───── RECORDED DATA ─────

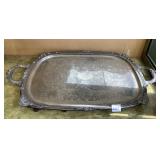 SILVER-TONE METAL OVAL SERVING TRAY, ORNATE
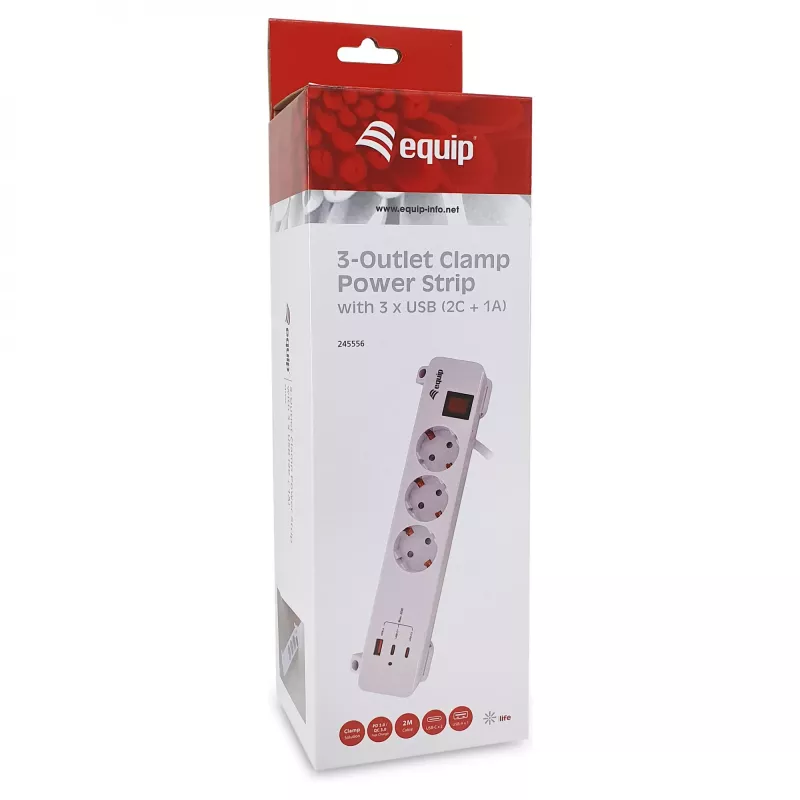 Equip Régua de tomadas CEE 7/7 90° para 3x Schuko / 2x USB-C + USB-A, Branco, 1,5m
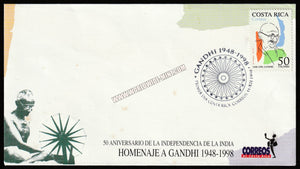 1998 Costa Rica Gandhi FDC #Gan532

─────

> TASK ITEM:
Write out the whole listing exactly, and drop the pictures.

> EXERCISE ANSWER:
 SILVER-TONE METAL OVAL SERVING TRAY, ORNATE
 Equip Régua de tomadas CEE 7/7 90° para 3x Schuko / 2x USB-C + USB-A, Branco, 1,5m
 1998 Costa Rica Gandhi FDC #Gan532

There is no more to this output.